Voila, une belle aventure qui restera, je pense, longtemps présente dans nos
mémoires. Merci Gégé et Evelyne de nous avoir permis de la vivre avec vous et
surtout bon vent à tous les 2 pour la suite !
Yves
La même transat des alizées vue par le skipper:
Mercredi 20 décembre
" allo, sommes bien arrivés aux Antilles, dans la matinée,
après 17 jours de navigation dans l'alizé. après 2500 miles
parcourus, Boisbarbu et son équipage sont en pleine forme. Juste une
avarie dans le gréement qui nous a mené en Martinique..."
Derrière ce message laconique laissé sur le répondeur téléphonique
familial se cache une aventure intense, aux émotions fortes, pendant
laquelle nous étions livrés à nous même à
travers cette énorme masse liquide qu'est l'océan.
Difficile, donc, de communiquer cette expérience. Le récit d'Yves
est excellent et retrace bien la traversée. Voici quelques compléments.
Les conséquences d'un choix
Le choix de l'itinéraire, par le Cap Vert, est lourd de conséquences.
Ce n'est pas un choix pratique mais plutôt le désir de coller à
des images reçues : la musique de césaria Evora, le volcan Fogo,
le charme de ces ïles Capverdiennes.
Arrivés dans l'archipel, il est dur de reculer et de modifier les conditions
de la transat. En effet, on ne trouve là ni accastillage, ni matériel
de rechange, ni professionnel du yachting, et très peu de nourriture
adaptée à l'avitaillement d'un voilier. Au Cap Vert, "les
jeux sont faits" et c'est la préparation initiale du bateau, ansi
que ce qu'il a subit pendant les étapes précédentes, qui
détermine la traversée.
L'avarie moteur (démarreur grillé) et la légère
déformation de l'étai nous inquiètaient mais nous n'avions
d'autre solution que de faire réparer tout cela au chantier le plus facile
à atteindre : les Antilles, de l'autre côté de l'Atlantique.
La remontée des 900 miles vers les Canaries face au vent eut, en effet,
été trop risquée pour le gréement. Vers l'est, un
atterissage sur la côte africaine était aussi inutile qu'incertain.
Après de longues discussions, l'équipage et moi sommes donc décidés
à rejoindre les Antilles. Cette décision était accompagnée
de tout un plan de contingences lié à ces deux avaries.
Et vogue l'aventure !
La première semaine de traversée se déroule parfaitement.
L'alizé de nord-est, puis d'est, est bien établi, de force 4 à
7, accompagné d'une mer agitée à très forte.
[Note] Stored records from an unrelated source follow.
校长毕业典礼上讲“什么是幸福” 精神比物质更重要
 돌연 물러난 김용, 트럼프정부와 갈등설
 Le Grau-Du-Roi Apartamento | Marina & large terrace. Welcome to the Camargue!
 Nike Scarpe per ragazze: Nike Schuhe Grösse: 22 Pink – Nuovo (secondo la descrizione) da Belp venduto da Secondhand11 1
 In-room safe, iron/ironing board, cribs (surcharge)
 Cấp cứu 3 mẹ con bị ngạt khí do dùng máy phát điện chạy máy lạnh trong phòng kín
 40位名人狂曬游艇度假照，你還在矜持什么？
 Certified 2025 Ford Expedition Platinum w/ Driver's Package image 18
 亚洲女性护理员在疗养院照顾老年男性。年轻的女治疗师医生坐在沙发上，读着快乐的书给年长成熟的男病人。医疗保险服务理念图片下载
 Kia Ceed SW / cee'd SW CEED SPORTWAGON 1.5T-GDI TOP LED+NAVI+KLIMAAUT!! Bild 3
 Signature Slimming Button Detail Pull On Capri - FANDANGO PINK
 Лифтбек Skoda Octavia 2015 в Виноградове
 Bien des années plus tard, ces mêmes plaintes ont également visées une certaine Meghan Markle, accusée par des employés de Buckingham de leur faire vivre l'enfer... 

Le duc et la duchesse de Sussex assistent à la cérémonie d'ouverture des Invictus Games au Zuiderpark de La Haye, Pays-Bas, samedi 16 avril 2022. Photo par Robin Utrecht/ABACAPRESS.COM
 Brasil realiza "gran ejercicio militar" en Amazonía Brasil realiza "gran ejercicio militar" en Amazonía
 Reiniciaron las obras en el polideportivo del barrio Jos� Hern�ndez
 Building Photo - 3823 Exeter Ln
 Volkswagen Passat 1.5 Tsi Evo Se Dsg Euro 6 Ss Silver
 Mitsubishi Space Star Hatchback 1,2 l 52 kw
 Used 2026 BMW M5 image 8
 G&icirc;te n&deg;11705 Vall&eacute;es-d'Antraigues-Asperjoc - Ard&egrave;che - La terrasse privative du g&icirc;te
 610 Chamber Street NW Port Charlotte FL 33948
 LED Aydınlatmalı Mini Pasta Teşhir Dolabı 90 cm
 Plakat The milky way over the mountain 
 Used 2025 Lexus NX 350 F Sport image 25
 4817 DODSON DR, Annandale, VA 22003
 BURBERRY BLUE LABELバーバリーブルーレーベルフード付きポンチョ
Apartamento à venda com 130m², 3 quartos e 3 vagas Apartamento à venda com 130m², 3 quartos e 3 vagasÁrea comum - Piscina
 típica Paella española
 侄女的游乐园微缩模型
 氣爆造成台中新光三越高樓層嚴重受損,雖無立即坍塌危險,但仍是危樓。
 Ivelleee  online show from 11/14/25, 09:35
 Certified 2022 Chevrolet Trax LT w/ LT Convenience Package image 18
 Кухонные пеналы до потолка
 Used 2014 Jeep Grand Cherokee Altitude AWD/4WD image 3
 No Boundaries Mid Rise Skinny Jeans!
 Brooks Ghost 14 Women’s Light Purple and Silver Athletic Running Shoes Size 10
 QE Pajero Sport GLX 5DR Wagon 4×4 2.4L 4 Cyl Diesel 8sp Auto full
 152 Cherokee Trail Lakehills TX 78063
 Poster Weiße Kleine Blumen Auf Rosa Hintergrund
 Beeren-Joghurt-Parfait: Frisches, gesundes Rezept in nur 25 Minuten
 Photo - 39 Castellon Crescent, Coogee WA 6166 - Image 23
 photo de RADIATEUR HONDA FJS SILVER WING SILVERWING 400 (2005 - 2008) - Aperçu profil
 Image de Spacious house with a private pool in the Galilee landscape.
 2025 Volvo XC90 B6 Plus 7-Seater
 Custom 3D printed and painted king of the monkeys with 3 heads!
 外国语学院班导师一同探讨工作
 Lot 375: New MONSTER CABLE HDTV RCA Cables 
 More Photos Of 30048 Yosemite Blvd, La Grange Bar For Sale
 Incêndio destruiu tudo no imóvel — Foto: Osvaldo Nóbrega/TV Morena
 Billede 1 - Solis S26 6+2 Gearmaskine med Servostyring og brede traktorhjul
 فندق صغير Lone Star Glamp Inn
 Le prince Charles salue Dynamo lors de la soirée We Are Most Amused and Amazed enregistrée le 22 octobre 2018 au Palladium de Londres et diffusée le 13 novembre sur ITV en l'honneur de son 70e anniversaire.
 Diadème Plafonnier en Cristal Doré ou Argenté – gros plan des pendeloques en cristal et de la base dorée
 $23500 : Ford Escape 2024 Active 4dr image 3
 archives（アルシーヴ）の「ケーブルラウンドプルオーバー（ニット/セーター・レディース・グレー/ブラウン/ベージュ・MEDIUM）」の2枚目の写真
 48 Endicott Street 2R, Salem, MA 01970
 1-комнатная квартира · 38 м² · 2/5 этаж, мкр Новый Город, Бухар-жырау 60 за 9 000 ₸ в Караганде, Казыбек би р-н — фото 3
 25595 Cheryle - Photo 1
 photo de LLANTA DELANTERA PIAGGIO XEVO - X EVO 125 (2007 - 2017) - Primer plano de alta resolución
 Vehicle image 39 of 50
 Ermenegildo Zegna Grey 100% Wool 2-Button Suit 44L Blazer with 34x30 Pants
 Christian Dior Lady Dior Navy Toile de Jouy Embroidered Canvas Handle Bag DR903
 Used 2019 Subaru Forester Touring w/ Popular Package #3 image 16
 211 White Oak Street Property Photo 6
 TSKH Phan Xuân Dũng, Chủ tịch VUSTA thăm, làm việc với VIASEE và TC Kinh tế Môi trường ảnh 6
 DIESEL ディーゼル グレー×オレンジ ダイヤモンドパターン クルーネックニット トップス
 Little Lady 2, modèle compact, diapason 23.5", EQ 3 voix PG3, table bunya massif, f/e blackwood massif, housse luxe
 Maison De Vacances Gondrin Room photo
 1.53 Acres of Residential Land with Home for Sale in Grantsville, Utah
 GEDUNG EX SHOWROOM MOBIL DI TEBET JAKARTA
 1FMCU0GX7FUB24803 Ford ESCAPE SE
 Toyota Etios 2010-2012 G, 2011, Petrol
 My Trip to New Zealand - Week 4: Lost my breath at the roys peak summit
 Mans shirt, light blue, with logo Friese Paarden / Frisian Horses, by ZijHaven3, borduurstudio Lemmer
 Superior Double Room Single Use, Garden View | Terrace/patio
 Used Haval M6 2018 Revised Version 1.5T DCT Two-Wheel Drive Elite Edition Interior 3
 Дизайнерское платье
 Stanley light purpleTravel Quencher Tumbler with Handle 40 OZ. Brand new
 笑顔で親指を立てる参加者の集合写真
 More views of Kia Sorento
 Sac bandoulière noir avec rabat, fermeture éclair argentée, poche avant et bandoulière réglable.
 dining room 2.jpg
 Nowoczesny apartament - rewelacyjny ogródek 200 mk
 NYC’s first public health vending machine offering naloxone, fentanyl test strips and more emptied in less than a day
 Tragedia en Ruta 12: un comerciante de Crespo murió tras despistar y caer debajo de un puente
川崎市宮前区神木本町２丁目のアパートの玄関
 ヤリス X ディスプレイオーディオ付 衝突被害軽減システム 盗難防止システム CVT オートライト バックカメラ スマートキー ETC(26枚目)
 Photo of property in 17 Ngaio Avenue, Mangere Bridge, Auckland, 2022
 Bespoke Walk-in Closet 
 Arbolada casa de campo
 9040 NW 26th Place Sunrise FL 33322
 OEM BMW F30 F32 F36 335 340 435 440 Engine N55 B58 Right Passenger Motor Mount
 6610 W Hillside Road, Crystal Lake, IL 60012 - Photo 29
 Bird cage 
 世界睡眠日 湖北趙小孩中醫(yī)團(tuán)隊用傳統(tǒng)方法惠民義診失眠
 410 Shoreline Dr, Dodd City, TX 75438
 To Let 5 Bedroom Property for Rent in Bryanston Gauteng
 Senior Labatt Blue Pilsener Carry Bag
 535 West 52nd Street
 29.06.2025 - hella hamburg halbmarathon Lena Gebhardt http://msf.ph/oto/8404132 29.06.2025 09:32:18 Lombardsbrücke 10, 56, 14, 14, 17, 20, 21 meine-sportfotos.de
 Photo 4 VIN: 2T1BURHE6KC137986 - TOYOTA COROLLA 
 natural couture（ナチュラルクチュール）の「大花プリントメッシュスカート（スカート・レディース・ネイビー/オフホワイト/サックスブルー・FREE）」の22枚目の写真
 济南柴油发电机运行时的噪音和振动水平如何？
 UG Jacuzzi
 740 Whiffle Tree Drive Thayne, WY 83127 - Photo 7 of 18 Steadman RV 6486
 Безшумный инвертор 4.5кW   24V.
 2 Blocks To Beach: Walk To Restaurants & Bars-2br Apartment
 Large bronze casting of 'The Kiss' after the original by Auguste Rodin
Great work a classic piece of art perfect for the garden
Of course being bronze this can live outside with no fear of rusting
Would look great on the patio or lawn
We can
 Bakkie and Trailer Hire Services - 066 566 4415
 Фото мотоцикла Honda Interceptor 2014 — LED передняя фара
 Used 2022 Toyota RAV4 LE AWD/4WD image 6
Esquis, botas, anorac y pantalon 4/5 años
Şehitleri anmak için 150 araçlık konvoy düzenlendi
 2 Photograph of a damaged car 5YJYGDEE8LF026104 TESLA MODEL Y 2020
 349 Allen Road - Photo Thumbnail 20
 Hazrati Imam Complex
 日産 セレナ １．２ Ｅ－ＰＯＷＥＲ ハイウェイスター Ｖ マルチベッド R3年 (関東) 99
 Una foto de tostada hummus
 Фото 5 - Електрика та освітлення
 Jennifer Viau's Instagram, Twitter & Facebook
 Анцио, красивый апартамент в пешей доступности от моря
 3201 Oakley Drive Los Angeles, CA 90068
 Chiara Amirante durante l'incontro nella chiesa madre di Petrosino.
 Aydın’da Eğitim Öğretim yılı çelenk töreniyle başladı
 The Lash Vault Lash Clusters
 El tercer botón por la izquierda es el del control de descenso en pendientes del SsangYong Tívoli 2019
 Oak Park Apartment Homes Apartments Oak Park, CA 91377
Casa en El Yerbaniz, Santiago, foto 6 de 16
En
dépit du sous-toilage de la voile avant (17 m2 de foc de route au lieu
de 43 m2 de génois, ou des 86 m2 de spi), boisbarbu est très vivant
et maniable. Par petit temps, nous avons toutefois l'occasion d'envoyer le spi
assymétrique qui nous fait gagner 2 noeuds (1 noeud = 1 mile par heure,
donc 1,85 km par heure).
De longs creux viennent pousser l'arrière de boisbarbu. Les jours, les
nuits, les quarts, les repas se succèdent. L'équipage prend son
rythme. Les objets trouvent leur place. Nous trouvons le sommeil malgré
le rouli et les chocs des vagues qui déferlent.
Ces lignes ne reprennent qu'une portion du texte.